PROBLEM LINK:
Editorialist: Rounaq Jhunjhunu Wala
DIFFICULTY:
EASY
PREREQUISITES:
Modulo
PROBLEM:
Given a number N, we need to find the sum of all integers i from 1 to N such that 2^i+1 is divisible by 3.
EXPLANATION:
We can try the naive approach of finding 2^i+1 for 1 \leq i \leq N, and check for 3-divisibility. To handle large exponents, we can take mod at every stage of exponentiation so that the resulting number is small. Finally we can use fast exponentiation to find the powers of 2. But, we can easily see that all the above approaches are \Omega(N) and hence won’t work on the original constraints.
We would need a formula for solving this problem, which we will derive now.

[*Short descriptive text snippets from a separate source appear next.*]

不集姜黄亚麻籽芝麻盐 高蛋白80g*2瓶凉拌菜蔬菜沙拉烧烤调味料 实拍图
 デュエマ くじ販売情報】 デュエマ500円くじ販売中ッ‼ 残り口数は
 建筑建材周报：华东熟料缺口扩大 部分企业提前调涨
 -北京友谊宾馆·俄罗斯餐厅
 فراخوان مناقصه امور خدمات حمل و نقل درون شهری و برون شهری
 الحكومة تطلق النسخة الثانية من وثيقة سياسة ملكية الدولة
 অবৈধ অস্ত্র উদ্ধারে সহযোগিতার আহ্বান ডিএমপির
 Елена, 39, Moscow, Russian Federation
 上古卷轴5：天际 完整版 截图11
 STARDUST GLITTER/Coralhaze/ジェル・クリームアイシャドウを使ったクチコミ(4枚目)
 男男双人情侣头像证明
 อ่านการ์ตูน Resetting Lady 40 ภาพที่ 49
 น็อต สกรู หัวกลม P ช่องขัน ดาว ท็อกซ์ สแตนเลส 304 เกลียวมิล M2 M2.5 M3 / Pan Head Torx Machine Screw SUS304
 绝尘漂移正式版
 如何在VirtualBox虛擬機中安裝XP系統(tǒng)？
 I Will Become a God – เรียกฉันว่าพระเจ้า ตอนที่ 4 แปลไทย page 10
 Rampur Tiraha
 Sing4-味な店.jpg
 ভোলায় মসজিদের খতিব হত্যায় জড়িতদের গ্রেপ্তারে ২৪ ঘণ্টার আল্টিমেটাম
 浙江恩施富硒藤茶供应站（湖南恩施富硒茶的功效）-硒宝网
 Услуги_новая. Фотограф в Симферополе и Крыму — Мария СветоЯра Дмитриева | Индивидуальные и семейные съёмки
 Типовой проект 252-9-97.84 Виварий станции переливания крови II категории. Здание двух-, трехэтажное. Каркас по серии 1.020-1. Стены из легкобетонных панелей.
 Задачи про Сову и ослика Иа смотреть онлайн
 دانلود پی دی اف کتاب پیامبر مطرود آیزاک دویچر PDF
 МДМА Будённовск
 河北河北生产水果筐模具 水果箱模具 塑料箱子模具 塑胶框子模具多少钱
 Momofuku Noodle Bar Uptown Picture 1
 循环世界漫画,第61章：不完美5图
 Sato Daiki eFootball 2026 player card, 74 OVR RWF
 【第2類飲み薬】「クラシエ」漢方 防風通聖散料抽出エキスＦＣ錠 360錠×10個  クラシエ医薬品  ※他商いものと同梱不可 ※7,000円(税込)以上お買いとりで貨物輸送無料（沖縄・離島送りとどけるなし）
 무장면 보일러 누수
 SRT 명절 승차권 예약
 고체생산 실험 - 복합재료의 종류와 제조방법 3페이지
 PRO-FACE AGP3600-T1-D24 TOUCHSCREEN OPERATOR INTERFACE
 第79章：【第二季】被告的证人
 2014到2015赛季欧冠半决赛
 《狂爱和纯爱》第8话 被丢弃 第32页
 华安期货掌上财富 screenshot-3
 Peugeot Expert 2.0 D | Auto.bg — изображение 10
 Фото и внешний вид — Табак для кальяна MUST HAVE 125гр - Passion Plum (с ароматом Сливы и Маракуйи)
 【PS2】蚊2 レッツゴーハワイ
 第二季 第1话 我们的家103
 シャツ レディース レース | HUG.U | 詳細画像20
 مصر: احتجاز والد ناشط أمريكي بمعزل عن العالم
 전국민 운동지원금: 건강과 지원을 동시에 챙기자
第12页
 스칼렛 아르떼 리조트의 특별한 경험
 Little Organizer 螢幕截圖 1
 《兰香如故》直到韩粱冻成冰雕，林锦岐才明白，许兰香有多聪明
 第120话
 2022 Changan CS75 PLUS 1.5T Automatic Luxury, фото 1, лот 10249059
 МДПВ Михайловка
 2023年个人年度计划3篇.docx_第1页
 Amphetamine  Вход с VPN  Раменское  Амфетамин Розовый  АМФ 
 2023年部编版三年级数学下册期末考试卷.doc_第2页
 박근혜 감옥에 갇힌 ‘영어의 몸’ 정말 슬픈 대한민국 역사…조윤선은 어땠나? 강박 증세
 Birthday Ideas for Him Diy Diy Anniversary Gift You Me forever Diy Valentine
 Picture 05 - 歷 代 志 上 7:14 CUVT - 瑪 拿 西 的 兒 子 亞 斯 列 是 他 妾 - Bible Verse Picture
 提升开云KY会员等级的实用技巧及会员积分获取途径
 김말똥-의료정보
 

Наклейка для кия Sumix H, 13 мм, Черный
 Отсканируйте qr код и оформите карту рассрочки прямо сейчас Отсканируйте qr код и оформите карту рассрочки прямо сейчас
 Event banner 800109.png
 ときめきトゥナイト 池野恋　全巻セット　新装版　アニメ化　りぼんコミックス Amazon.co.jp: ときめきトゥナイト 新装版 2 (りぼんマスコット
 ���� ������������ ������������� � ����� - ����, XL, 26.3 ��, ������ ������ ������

We know that 2^i+1 \equiv 0 \mod 3, which is equivalent to 2^i = 2 \mod 3. Now, 2 \equiv 2 \mod 3 and 2^2 \equiv 1 \mod 3, and by the property (a*b)%m = ((a%m)*(b%m))%m, we can deduce that 2^i \equiv 2 \mod 3 if i is odd, else 2^i \equiv 1 \mod 3.
THe above reduces the problem to just finding the sum of odd integers from 1 to N, which can be easily proved to be equal to \lfloor \frac{N+1}{2} \rfloor ^ 2.